Two types with the same SEW/LMUL ratio will have the same related mask type. For instance, two different comparisons one under SEW=64, LMUL=2 and the other under SEW=32, LMUL=1 will both generate a mask <vscale x 2 x i1>.

Representation in LLVM IR

Vector instructions can be represented in two main ways in LLVM IR:

  1. Regular instructions on both scalable and fixed-length vector types

    %c = add <vscale x 4 x i32> %a, %b
    %f = add <4 x i32> %d, %e
    
  2. RISC-V vector intrinsics, which mirror the C intrinsics specification

    These come in unmasked variants:

    %c = call @llvm.riscv.vadd.nxv4i32.nxv4i32(
           <vscale x 4 x i32> %passthru,
           <vscale x 4 x i32> %a,
           <vscale x 4 x i32> %b,
           i64 %avl
         )
    

    As well as masked variants:

    %c = call @llvm.riscv.vadd.mask.nxv4i32.nxv4i32(
           <vscale x 4 x i32> %passthru,
           <vscale x 4 x i32> %a,
           <vscale x 4 x i32> %b,
           <vscale x 4 x i1> %mask,
           i64 %avl,
           i64 0 ; policy (must be an immediate)
         )
    

    Both allow setting the AVL as well as controlling the inactive/tail elements via the passthru operand, but the masked variant also provides operands for the mask and vta/vma policy bits.

    The only valid types are scalable vector types.

For operations that access memory, trap or otherwise have behaviour which depends on what elements are enabled, the target agnostic llvm.masked.* and llvm.vp.* intrinsics can be used to control the mask and AVL respectively.

Note

Middle-end passes typically do not need to worry about controlling the AVL for most instructions, as RISCVVLOptimizer will automatically take care of reducing the AVL to avoid vsetvli toggles. Using regular LLVM IR instructions allows more generic combines and optimisations to be taken advantage of. For instructions that may access memory or trap etc., passes should use the llvm.vp.* intrinsics to set the AVL where required.

SelectionDAG lowering

For most regular scalable vector LLVM IR instructions, their corresponding SelectionDAG nodes are legal on RISC-V and don’t require any custom lowering.

t5: nxv4i32 = add t2, t4

RISC-V vector intrinsics also don’t require any custom lowering.

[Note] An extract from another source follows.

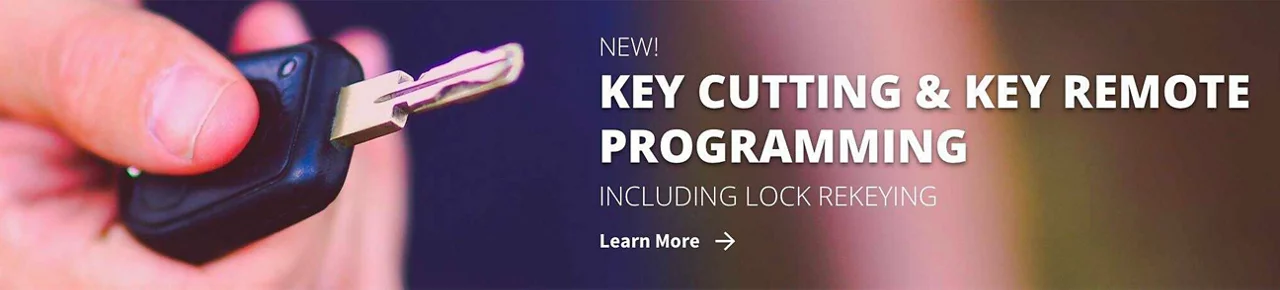 Key Cutting & Key Remote Programming - Including Lock Rekeying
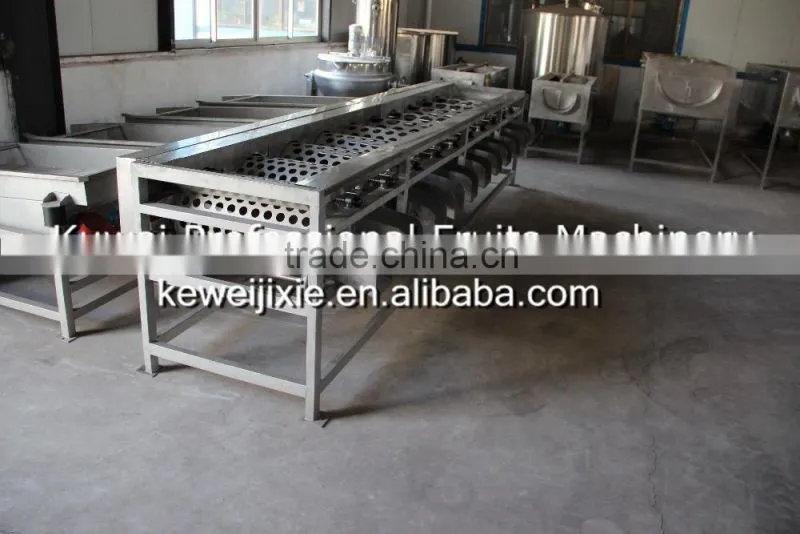 YFJ Model round fruit classifier(Industrial round fruits grader)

t12: nxv4i32 = llvm.riscv.vadd TargetConstant:i64<10056>, undef:nxv4i32, t2, t4, t6

Fixed-length vectors

Because there are no fixed-length vector patterns, fixed-length vectors need to be custom lowered and performed in a scalable “container” type:

  1. The fixed-length vector operands are inserted into scalable containers with insert_subvector nodes. The container type is chosen such that its minimum size will fit the fixed-length vector (see getContainerForFixedLengthVector).

  2. The operation is then performed on the container type via a VL (vector length) node. These are custom nodes defined in RISCVInstrInfoVVLPatterns.td that mirror target agnostic SelectionDAG nodes, as well as some RVV instructions. They contain an AVL operand, which is set to the number of elements in the fixed-length vector. Some nodes also have a passthru or mask operand, which will usually be set to undef and all ones when lowering fixed-length vectors.

  3. The result is put back into a fixed-length vector via extract_subvector.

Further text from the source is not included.